Сто лет назад в Киеве раскупалась нарасхват небольшая книжонка под заглавием «Запорожская рукопись». Оборотистый издатель ее уверял в предисловии, что написана она была на старинной серо-синей бумаге в «осьмую долю листа» одним почерком и доставлена ему каким-то пришедшим из Запорожья стариком. Пришелец этот якобы утверждал, что рукопись писана запорожцем, «що взяв тай списав уси клади, где и як лежать», так как надеялся, «може, сам коли навернется в Украину да знайде тийи клади и побере гроши»; но намерения его не сбылись — он вскоре заболел и умер. Перед смертью он отдал эту рукопись какому-то хуторянину. Но и этот последний обладатель рукописи тоже вскоре умер.

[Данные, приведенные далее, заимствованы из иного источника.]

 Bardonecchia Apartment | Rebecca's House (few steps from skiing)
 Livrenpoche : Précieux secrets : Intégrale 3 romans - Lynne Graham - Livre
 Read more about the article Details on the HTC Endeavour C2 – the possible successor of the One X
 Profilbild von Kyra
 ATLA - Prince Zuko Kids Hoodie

«Запорожская рукопись» представляла собой перечень трехсот пятнадцати примет, по которым якобы можно найти клады в районе двух бывших воеводств — Киевского и Брацлавского. Там были, например, такие указания:

«…Над Днепром, чи выше, чи ниже Переяслава, спрашуй, где гребля, прозывается Попова, то ниже гребли гляди Бакай болото. Над болотом похила верба, у вершине рассохи; прямо от рассохи у грязи казан и два ведра денег…»

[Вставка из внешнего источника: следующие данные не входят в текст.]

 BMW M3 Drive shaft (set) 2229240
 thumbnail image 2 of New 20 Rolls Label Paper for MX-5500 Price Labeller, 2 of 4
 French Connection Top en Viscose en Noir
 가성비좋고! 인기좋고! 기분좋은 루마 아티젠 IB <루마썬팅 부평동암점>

«…У Корсуне, ниже Казацкой могили, яр и лес прозывается Лютовщина. У том яру рубленой колодезь, от колодезя на восток стоит ива, ступеней на две от колодезя, от ивы на восток — гроб; между ивой и гробом схована добича. Точно!»

Несмотря на то что приметы, по которым якобы можно было отыскать клады, разные кривые вербы да дуплистые дубы ужо давно изменили свой облик или совсем исчезли, а колодцы давно погнили или были засыпаны землей, рассчитанная на простачков книжонка не только быстро разошлась, но и вызвала целую волну кладоискательства.

Существовали ли эти клады на самом деле и каково их происхождение? Про запорожцев издавна шла слава, что война без добычи для них не война. Добычу свою казаки, правда, часто пропивали. Но случалось и так, что приходилось собираться в новый поход раньше, чем они успевали ее спустить. Тогда клад прятался в укромном месте, например под сенью векового дуба или в его дупле, а в самый дуб врезывалось конское копыто для памяти. Иногда на коре его делалась зарубка в виде сабли или пики. Владелец клада, однако, не всегда возвращался из похода. Если же он попадал в плен, то после долгого отсутствия обычно не находил ни приметы, ни клада. Многие и сами забывали, где они его зарыли. Поэтому, вероятно, и получили такое широкое распространение рассказы о забытых запорожцами сокровищах, похожие на сказки из «Тысячи и одной ночи». Что запорожцы скрывали свою добычу, подтверждает французский инженер Боплан, приглашенный на службу польским королем Сигизмундом III для постройки крепостей.